Ce qui importe pour moi en art c'est de démontrer une vérité, de pérenniser dans le bronze les actes héroïques et vertueux de figer les beaux corps, les belles attitudes. J'aimerais que mon oeuvre serve à éduquer les moeurs, à corriger les vices, à aider la jeunesse à ne point s'avachir et se débrailler. Un artiste qui crée une belle oeuvre accomplit un acte moral. Certes, cela semble bien incongru dans notre monde actuel, et surtout parfaitement idéaliste. Mais les statues sont des prédicateurs muets qui font souvent plus d'impression que la parole. Il ne faut pas se leurrer: aucune instruction, aucun discours ne peut remplacer l'exemple. Les actes héroïques immortalisés dans le bronze restent en pratique le seul véhicule efficace de la propagation de la vertu morale pour la majorité des gens. L'artiste moderne reste bien souvent un exhibitionniste qui cherche à tout prix faire connaître son nom et, ce faisant, donne dans le nombrilisme le plus étriqué: il se préfère à son oeuvre. Pour ma part, je veux sculpter pour embellir et perpétuer la tradition, non pour faire fortune.
Malheureusement aujourd'hui les gens ne sont plus assez cultivés, pour demander le beau, ils se contentent bien trop souvent de l'utile. C'est oublier avec Dostovieski que « la beauté sauvera le monde ».
Nous touchons là un point essentiel: est-il possible pour l'artiste de créer de la beauté si Dieu n'habite plus son regard?
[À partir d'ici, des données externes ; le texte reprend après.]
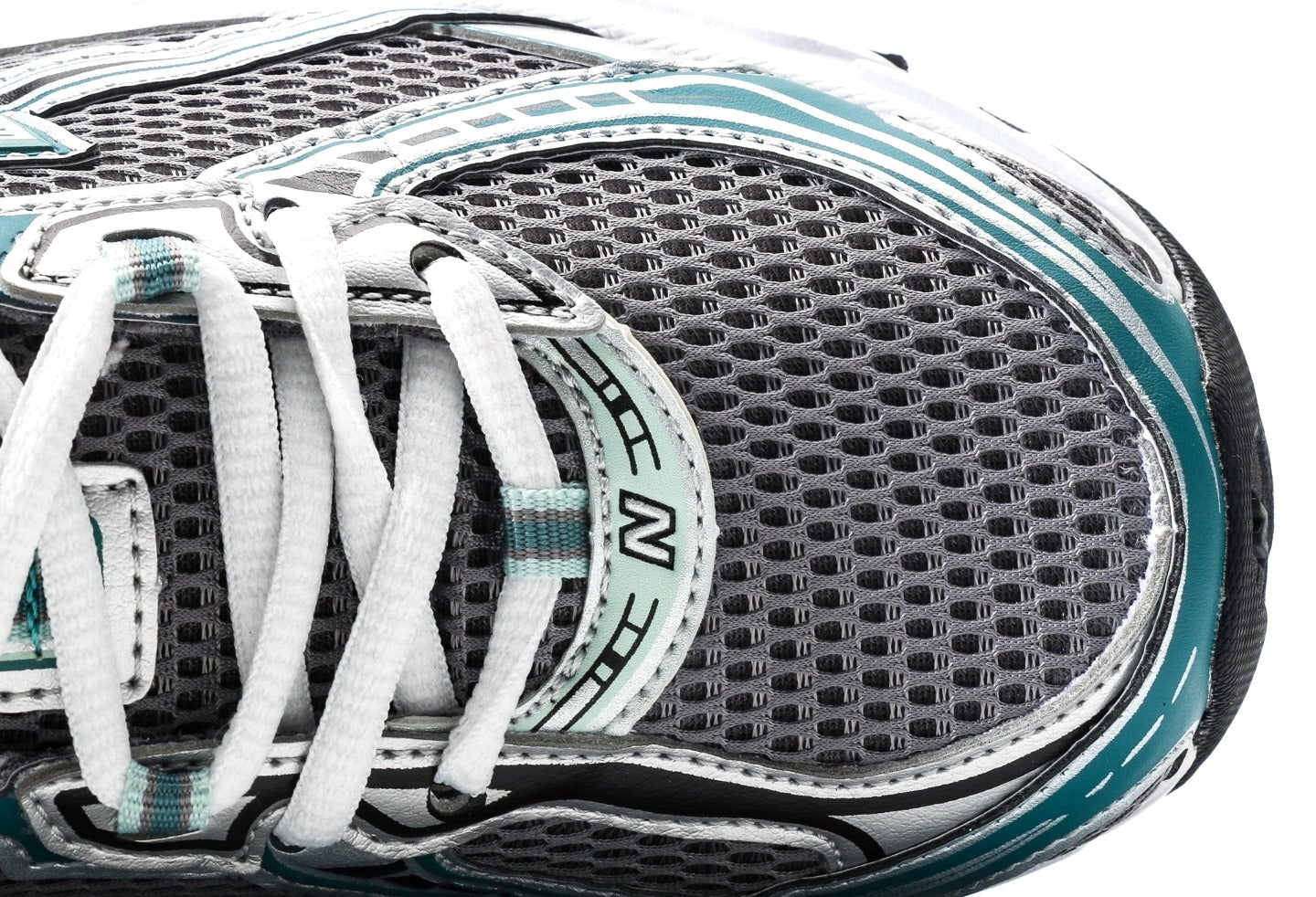 New Balance 740 Silver Metallic New Spruce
Une fois encore, Ingres nous gratifie d'un conseil extraordinaire: « Ayez de la religion pour votre art, allez la tête levée vers les cieux au lieu de la courber vers la terre comme les porcs qui cherchent dans la boue ». Voilà tout mon programme: je sculpte les yeux levés au ciel. Il m'est impossible de créer une oeuvre sans référence aux choses divines. Et la nature est la seule lucarne par où Dieu se laisse voir clairement, disait Rude. D'ailleurs les Thébains avaient prescrit une loi à leurs artistes: reproduire la nature le mieux possible sous peine d'amende! Aussi mes oeuvres cherchent à reproduire, à travers la nature qu'elles dépeignent, la main de Dieu sur sa belle création. Pour l'artiste catholique, il y a une inspiration réelle qui ne vient pas des muses, mais du Dieu vivant. Malheureusement aujourd'hui le Seigneur n'est pas loué par les Beaux-Arts malgré toutes les grâces qu'il a en réserve pour les artistes qui, hélas, ne le prient plus. Aussi l'art contemporain empêche l'homme de se souvenir de Dieu. Croire que l'on peut faire des chefs d'oeuvres en se passant de Dieu, voilà l'immense erreur, trop souvent liée à l'orgueil de l'artiste. L'eau la plus pure, lorsqu'elle n'est plus alimentée par sa source se transforme en marécage.